IRS agents complain that they get no respect. "Yet, too many agents engage in thuggish behavior and show no understanding of the unnecessary burdens they place on small businesses and entrepreneurs," Rahn says.
Bottom line: "if the folks at the IRS want respect, then they need to start treating hardworking taxpayers with respect and understanding and not as government-owned slaves," Rahn writes.
Meanwhile, the advocacy group
Citizens for Tax Justice has released a report detailing 15 Fortune 500 companies that don't pay any taxes.
The list includes CBS, General Electric, Interpublic Group, JetBlue Airways, Mattel, Owens Corning, PG&E, Pepco Holdings, Priceline.com, Prudential Financial, Qualcomm, Ryder System, Time Warner, Weyerhaeuser and Xerox.
As a whole, the 15 companies paid no federal income tax on $23 billion in profits in 2014, and they paid almost no federal income tax on $107 billion in profits during the past five years. All but two received federal tax rebates in 2014, and almost all paid exceedingly low rates over five years.
For example, CBS had $1.8 billion in U.S. profits last year, and received a federal income tax rebate of $235 million, while Mattel, which has paid zero federal income taxes for the past five years, received a tax rebate of $46 million in 2014.

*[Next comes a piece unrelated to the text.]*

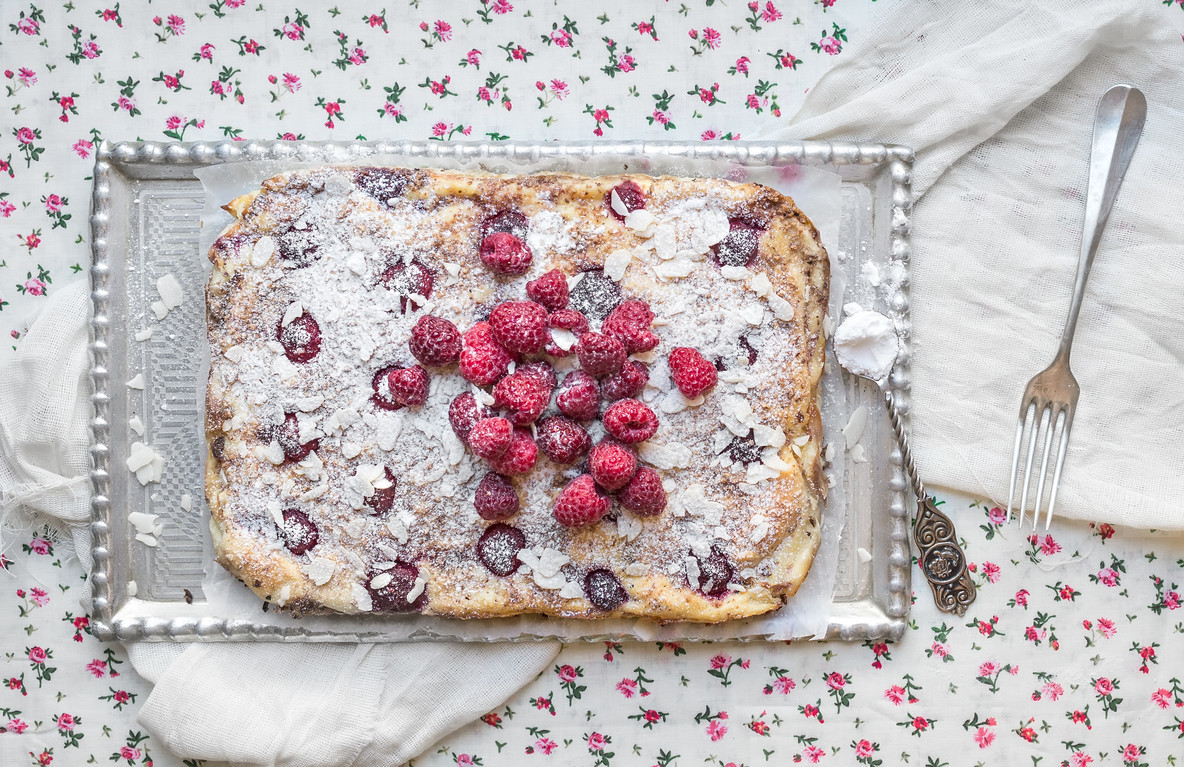 Raspberry cottage cheese cake with fresh raspberries, almond pet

"The scope of corporate tax avoidance spans a wide variety of economic sectors. Moreover, the tax breaks that have allowed these companies to be so successful in their tax avoidance are, by and large, perfectly legal, and often have been on the books for decades," the report states.
So what's the solution?
"A sensible starting point should be to critically assess the costs of each of these tax breaks and to take steps to ensure that profitable corporations pay their fair share of U.S. taxes," the study says.
"The next step is just as important. The revenues raised from eliminating corporate tax subsidies should not be given right back to corporations in the form of tax-rate reductions, as corporate lobbyists and their allies inside the Washington Beltway preposterously argue."
So where should this money go? "As the vast majority of Americans understand, these desperately needed revenues should be used to address our nation's fiscal problems and to make critically needed public investments in our nation's future," the report argues.